Reasons Behind the Market Decline
What led to the bloodbath?
The significant drop in the stock market can be attributed to several factors, including ongoing tensions in West Asia, rising crude oil prices, and persistent foreign institutional investor (FII) outflows. The conflict in Iran has now entered its fifth week, exacerbating the crisis in the Middle East. The blockage of the Strait of Hormuz has caused Brent crude prices to rise by 3% to $115.98 per barrel, marking a 60% increase for the month. Meanwhile, US crude prices also climbed by 3% to $102.52, reflecting a 53% monthly rise.
Banking stocks faced significant declines, contributing to the overall market downturn.
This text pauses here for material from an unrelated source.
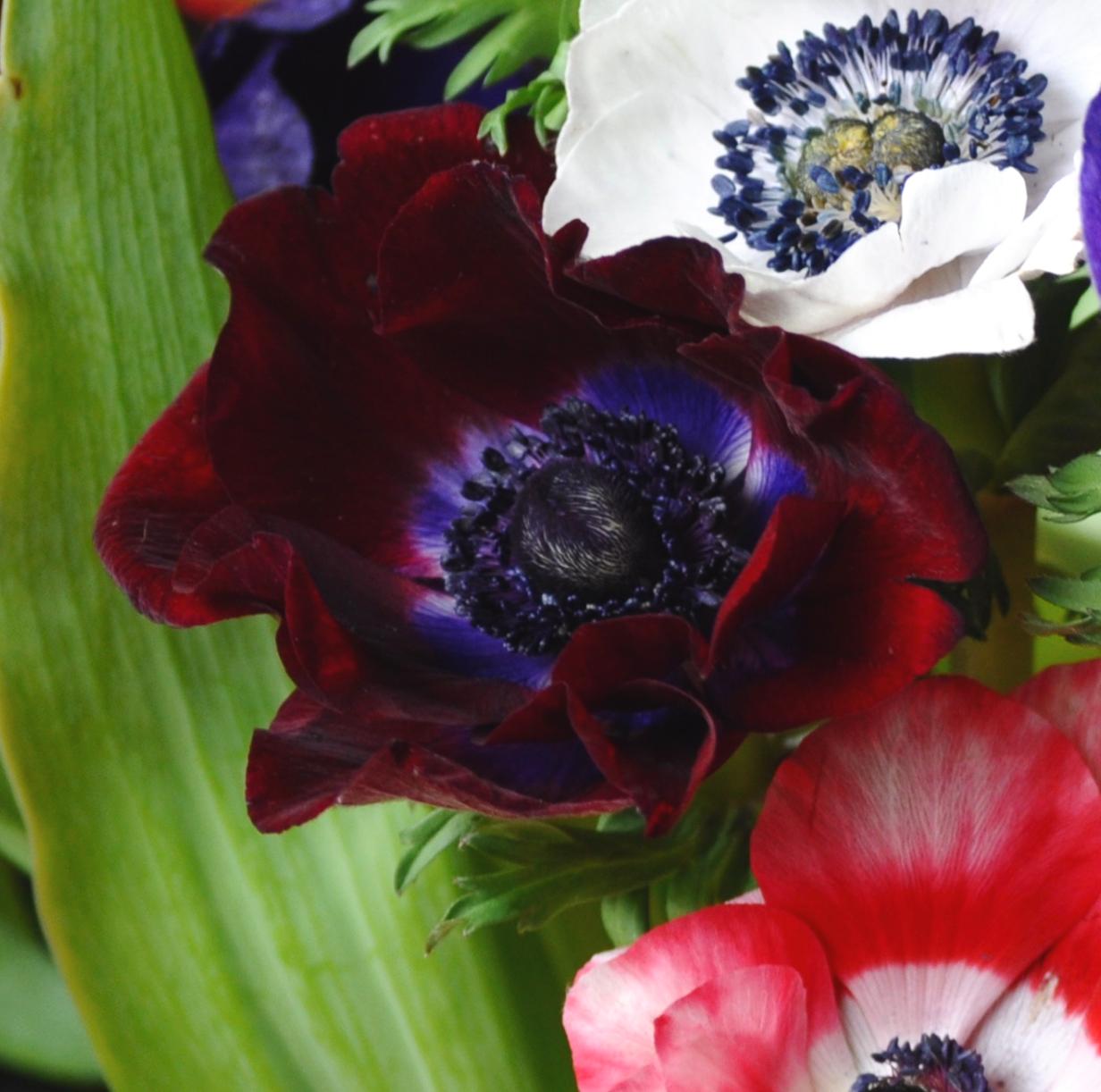 Anemone 'Galilee Bordeaux' - from Leo Berbee Bulb Company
Financial institutions, including private and PSU banks, saw a drop of 2% to 2.5%. This decline was influenced by the Reserve Bank of India's recent decision to tighten position limits on onshore exposure, which raised concerns among bankers about potential disorderly unwinding of positions and associated losses.
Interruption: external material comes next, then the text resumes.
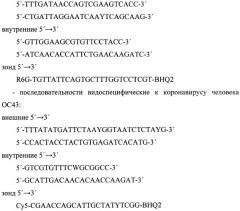 Набор олигодезоксирибонуклеотидных праймеров и флуоресцентно меченых зондов для идентификации рнк коронавирусов видов 229е, nl63, ос43, hku1 методом гибридизационно-флуоресцентной обратно-транскриптазной полимеразной цепной реакции (патент 2473702)
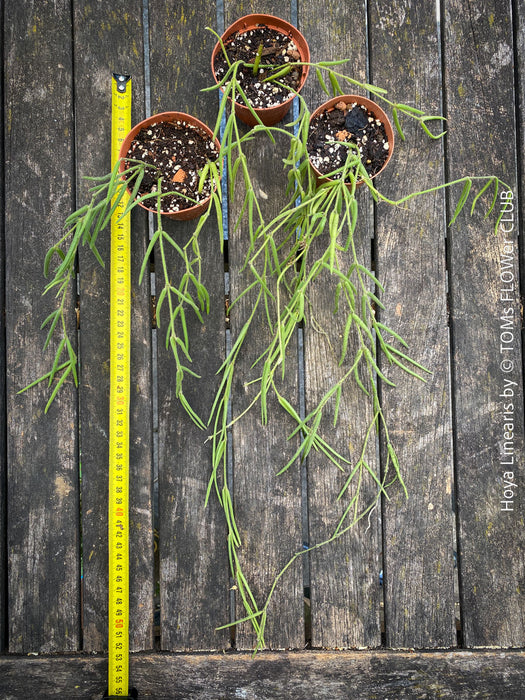 Hoya Linearis, flowering, organically grown tropical hoya plants for sale at TOMs FLOWer CLUB.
On Friday, the Reserve Bank of India mandated that banks must limit their net open rupee positions in the foreign exchange market to $100 million by the end of each business day, with compliance required by April 10. Additionally, foreign investors continued to sell off their holdings, with provisional data indicating that they offloaded shares worth Rs 4,367 crore.
The weakening of the rupee also weighed heavily on the stock market, as it crossed the 95 per dollar threshold for the first time on March 30, closing at 95.2 per dollar, down 0.3% for the day. The rupee has depreciated by 4.4% against the US dollar in the March quarter.